See.....numbers are numbers. When simply trying to know if the rate has risen or dropped, it does not matter how we calculate the unemployment rate as long as we're consistent in our method. In other words, any method used will show the same arc of progress or decline.
Is it OK to believe it now that shadowstats.com has confirmed it?
Actually, no. Shadow Stats illustrates the absurdity and inconsistency in the government's methods over time. They compare the government's official numbers of today with what the official numbers would be had they kept using the same methodology as in the past. They just use their own numbers against them. That's all it really sets out to accomplish. It never says the government's methodology in the past was correct, it simply peels back the onion and illustrates how ridiculous we are for trusting anything they say...whether it's the numbers from today, or the numbers from yesterday.
I actually did dispute the notion that "unemployment is getting better", because the factors I consider accurate don't agree with that notion. The factor that is concerning me most is the fact that population growth has been outpacing employment growth since 2006, and that the job growth we have seen is unproductive and low-paying work, which compounds the issue at the core. If today you have 500 people and 100 jobs, and tomorrow you have 550 people and 105 jobs, the unemployment situation is worse, not better. You can say, "we added 5 jobs" all you want, but that's nothing but spin doctory.
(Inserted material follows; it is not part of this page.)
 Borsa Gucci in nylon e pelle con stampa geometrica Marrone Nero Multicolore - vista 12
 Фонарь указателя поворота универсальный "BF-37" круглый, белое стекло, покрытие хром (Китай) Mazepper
The US population growth rate is about 1% per year, which is more than 3 million per year....so unless we're adding 3 million jobs per year every year, plus adding back the jobs that are previously eliminated, unemployment is still getting worse. (This is crude, and open for hair-splitting attacks, but you see where I'm going....)
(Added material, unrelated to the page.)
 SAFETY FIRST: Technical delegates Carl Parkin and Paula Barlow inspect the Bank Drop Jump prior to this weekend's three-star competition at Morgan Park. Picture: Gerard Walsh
So, what I'm getting at, is when you cut out all the silly politicial linguistic analytic games, and redefinitions and hair-splitting of what "unemployment" means, the only objective ratio is total jobs to total population. And total jobs to total population is worse than when Barry took office. And as I said, the earning power of those jobs, and the net worth of the people in the total work force (which is what REALLY counts), has been eroding at an even faster rate.